On the face of it, my content is the practices that allow organizations to build strategy, navigate uncertainty and attain the outcomes that they care about. That involves an exploration of perspectives around the general areas in which I am working. Within those, there are also perspectives, tools, mindsets and practices that guide doing what I do, and serve as the basis for what I build.
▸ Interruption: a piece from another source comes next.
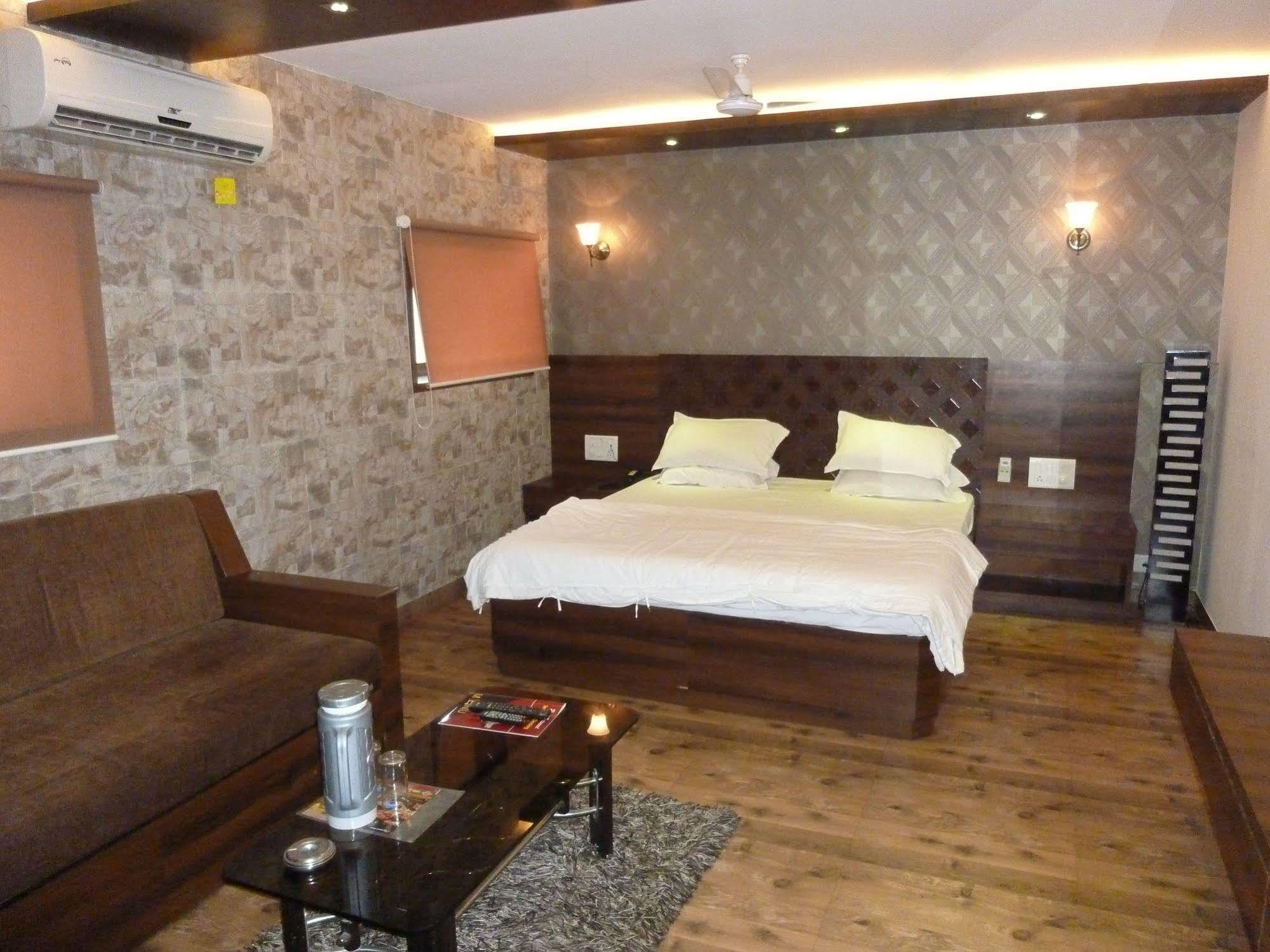 Regal Palace Hotel 3*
Separately, there are the mechanics of how I actually do the work that I do. Part of that is the overall craft of being a consultant, if I can frame it that way. I am part entrepreneur, part administrator, part facilitator and part salesperson, marketer, promoter and advocate of what I do. That means that I need to engage in everything from how to build a web site to how to manage the appropriate accounting treatment and tax status of online sales. I need to be thinking about my message and how to convey it, and my audience and how to connect with them. The mechanics of my work has to support a theoretically seamless but occasionally lumpy workflow from attracting clients to guiding them through an engagement to supporting them afterwards.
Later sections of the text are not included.